They would have much more credibility if they were to have equal representation from both sides of the political spectrum, and also include equally represented opposing views in articles for controversial subjects.
> They would have much more credibility if they were to have equal representation from both sides of the political spectrum, and also include equally represented opposing views in articles for controversial subjects.
"Both sides probably have some good points" or "the truth is likely somewhere in the middle" are guidelines that are wrong often enough that they're not very useful.
Indeed, when one side argues for dialogue, human rights, cooperation, peace and maybe a bit of socialism, and the other side argues for kicking immigrants, building an ethno-state where anything manufactured on foreign soil is heavily taxed, and the poor are left to starve to death, the middle ground really isn't the right answer. Middle grounds are rarely conducive to any intellectually honest discussion and this can clearly be seen in American politics: where the GOP has been sliding more and more into the right, the Democrats have followed, trying to capture the moderate Republicans that don't agree with the new "extreme" GOP.
There aren't only "two sides", as much as American conditioning may have you believe. And if you want true representativity, you get problems like this: https://youtu.be/cjuGCJJUGsg?t=182
> They would have much more credibility if they were to have equal representation from both sides of the political spectrum
Politics does not only consist of "two sides", framing it like that is a very US-centric way of going about it.
Btw; Anybody who thinks Wikipedia is biased on politics should really take a stroll trough the self-declared conservative opposite to Wikipedia; Conservapedia, which features some of the most delusional content I've seen on the web.
>They would have much more credibility if they were to have equal representation from both sides of the political spectrum, and also include equally represented opposing views in articles for controversial subjects.
Would you expand on who, exactly these "both sides" might be?
In the US, the "sides" are a center-right party (the Democratic Party) and a far-right party (the Republican Party). Focusing on two right-wing parties isn't "equal representation."
In a broader context, "equal representation" would include the far left (Anarchists, hard-core Communists, left Libertarians like myself, etc.) the center (Social Democrats, US Democratic Party, UK Tories, etc.) and the far right (US Republican Party, the Polish Prawo i Sprawiedliwość , French National Front, Hungary's Fidesz, actual Nazis, etc.)
There are examples of parties from the broader political spectrum in most countries, including the US (Green Party, American Socialist Party, American Nazi Party, etc.).
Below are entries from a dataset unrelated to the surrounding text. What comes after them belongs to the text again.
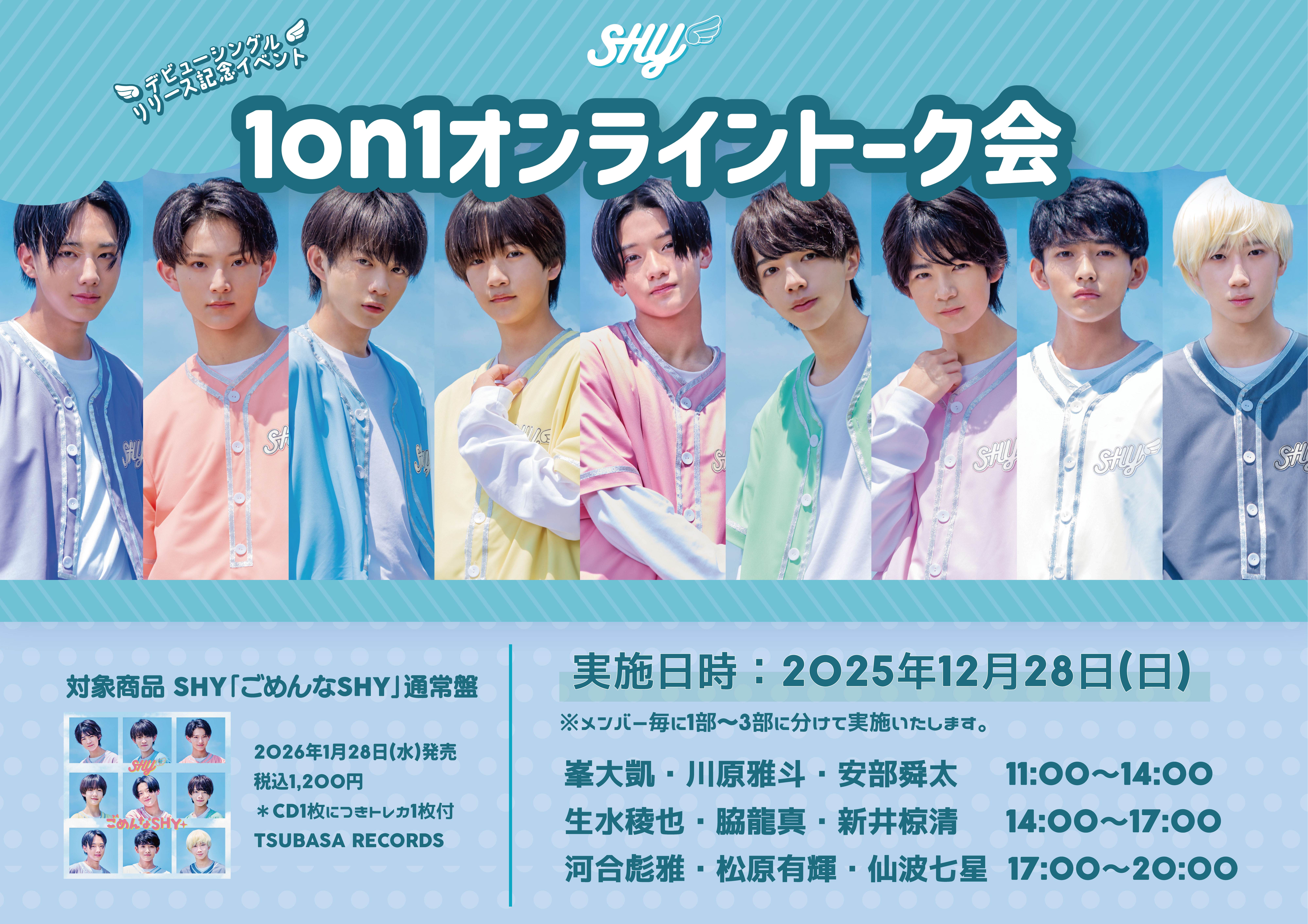 【NEWS】12月28日(日)にSHY Debut Single『ごめんなSHY』リリース記念 オンライントーク会 開催決定！！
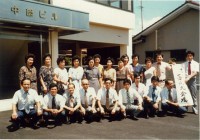本社新築移転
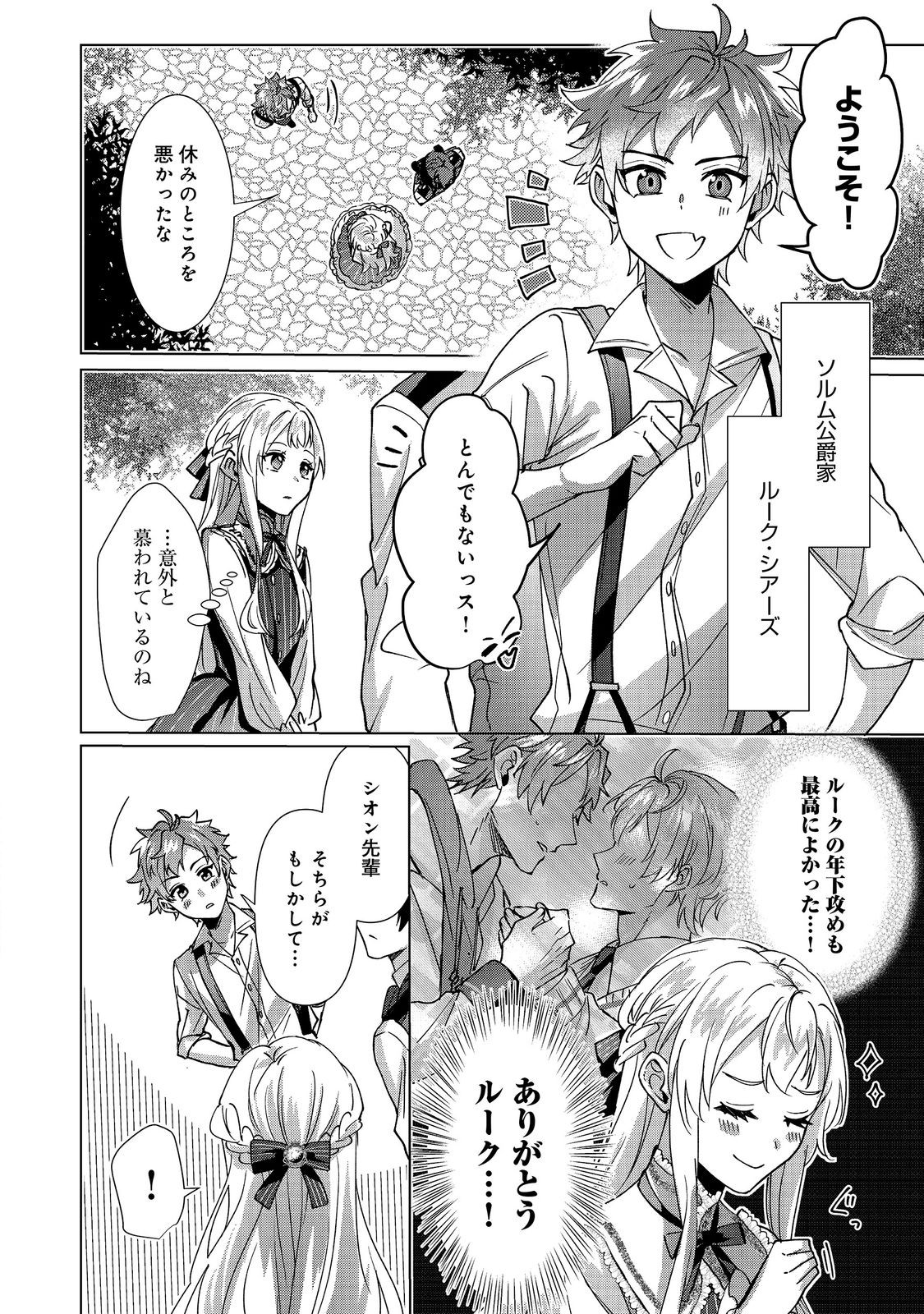 OSHIKAPU NO OKINI MESU MAMA: KOSSORI OUEN SURU HAZU GA NAZEKA WATASHI GA MOTETEMASU!? Chapter 4 page 4 - nihonkuni.com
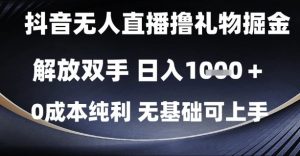 抖音无人直播撸礼物掘金,解放双手,日入1k,0成本纯利,无基础可上手【揭秘】-全网第一网赚项目资源库-中赚网 & 中创网 & 冒泡网 & 福缘网 - 小本轻创业与优质加盟项目首选平台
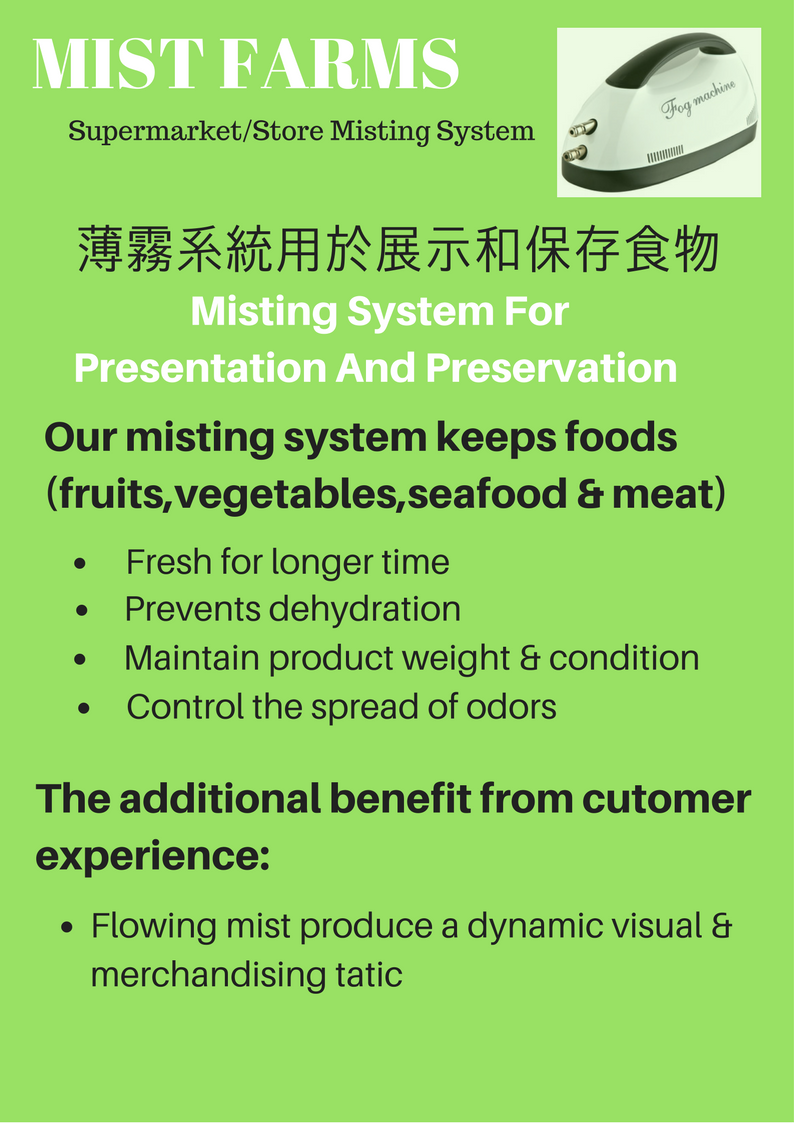 Retail Misting System importer and installer in Malaysia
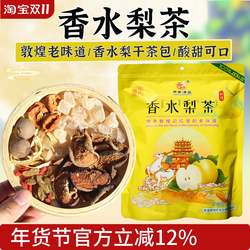 甘肃香水梨干煮水泡水喝独立装花茶水果茶组合梨干茶包煮茶480g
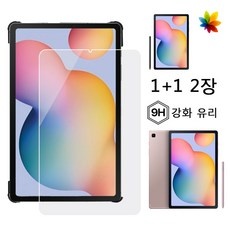 ◀ 2024년 SNS 인기상품 강력추천▶ sm-p610 할인 아이템 리스트 5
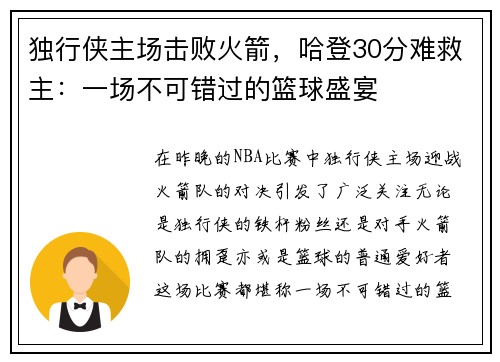 独行侠主场击败火箭，哈登30分难救主：一场不可错过的篮球盛宴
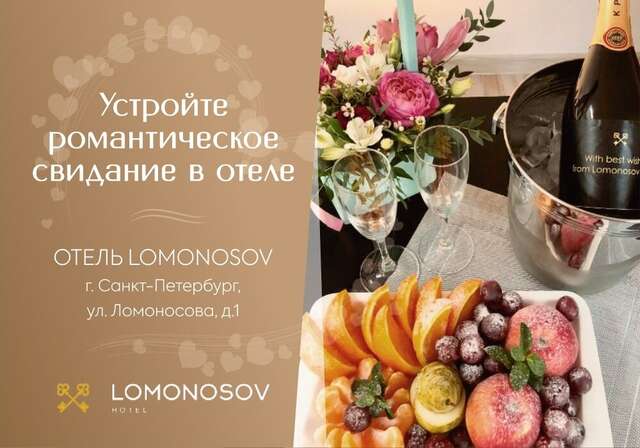 Отель Ломоносов Санкт-Петербург-142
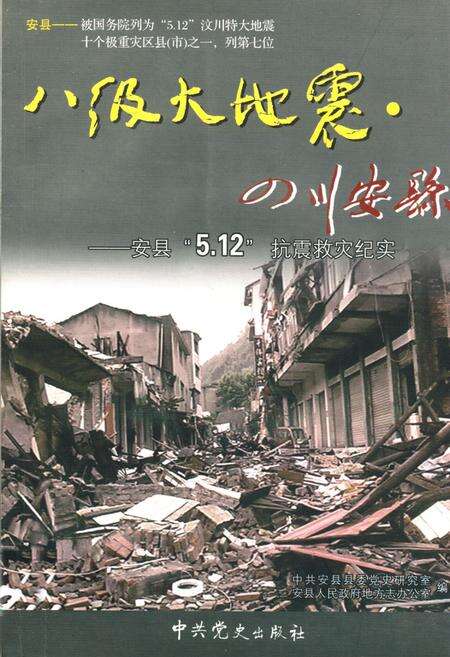 《八级大地震·四川安县–安县“5.12”抗震救灾纪实》.pdf电子版_四川省志缩略图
Ignoring them is one of the issues with the US's two party system.
Pretending that the major US political parties represent the breadth of the political spectrum is self-delusion at best, and willful deception at worst.
I think the root problem is that Wikipedia was created by a couple of Objectivists and they projected that philosophy (belief in a universal Reason) onto its structure.
Randians essentially believe there is only one correct opinion (i.e. that which is true according to universal Reason) and every bona fide Objectivist will (eventually) arrive at that same opinion. Otherwise, they must be misguided by ideology or something. Therefore let's make sure only Reasonable content lands on Wikipedia.
The real world doesn't work like that.
Wikipedia would be better served if it presented data in the format "According to X, Y is true" and make no a priori claims about veracity. Right now, Wikipedia is all "Y is true" with the implicit assumption that it is backed by a so-called "reliable source", which results in horribly biased and misinformational coverage of many sensitive topics.
If you want to discard everything said by CGTN or RT or NYT, fine, but let's put that decision into the user's hands (literally, with cookie-based content filtering) rather than authoritarianly deciding what is best for them.
I feel like the line between Wikipedia and Objectivism is a bit of a stretch.
The key Objectivist principles are that are relevant to Wikipedia — realism and rationalism — are hardly the controversial parts of Objectivist philosophy. Moreover, they seem like appropriate a priori beliefs for an encyclopedia, given that the entire point of an encyclopedia is to be an accurate reference of objects and events in the real world.
I do however agree that the problem of trust and sourcing is a huge issue for Wikipedia, and speaks to a larger problem in epistemology that as our collective knowledge grows, we have to rely more and more on trust and appeals to authority, since most of that knowledge consists of things that you or I can’t easily go verify.
I was going to propose that perhaps Wikipedia should just tighten up their definitions of “trusted sources” rather than throwing out a priori notions of truth, but that would just be appealing to a different authority. Maybe that’s the best we can hope for, though?
> The key Objectivist principles are that are relevant to Wikipedia — realism and rationalism — are hardly the controversial parts of Objectivist philosophy.
On the contrary, I think the belief in a universal Reason is the root what makes it a ridiculous ideology. Way to go putting a postmodern veneer on Plato.
> Randians essentially believe there is only one correct opinion (i.e. that which is true according to universal Reason) and every bona fide Objectivist will (eventually) arrive at that same opinion. Otherwise, they must be misguided by ideology or something.
This is one of the big unspoken rules of HN also don't you think? I'm curious to see if anyone else engages with this one, because I think the reason-as-Truth framework is nearly pervasive and actively policed here.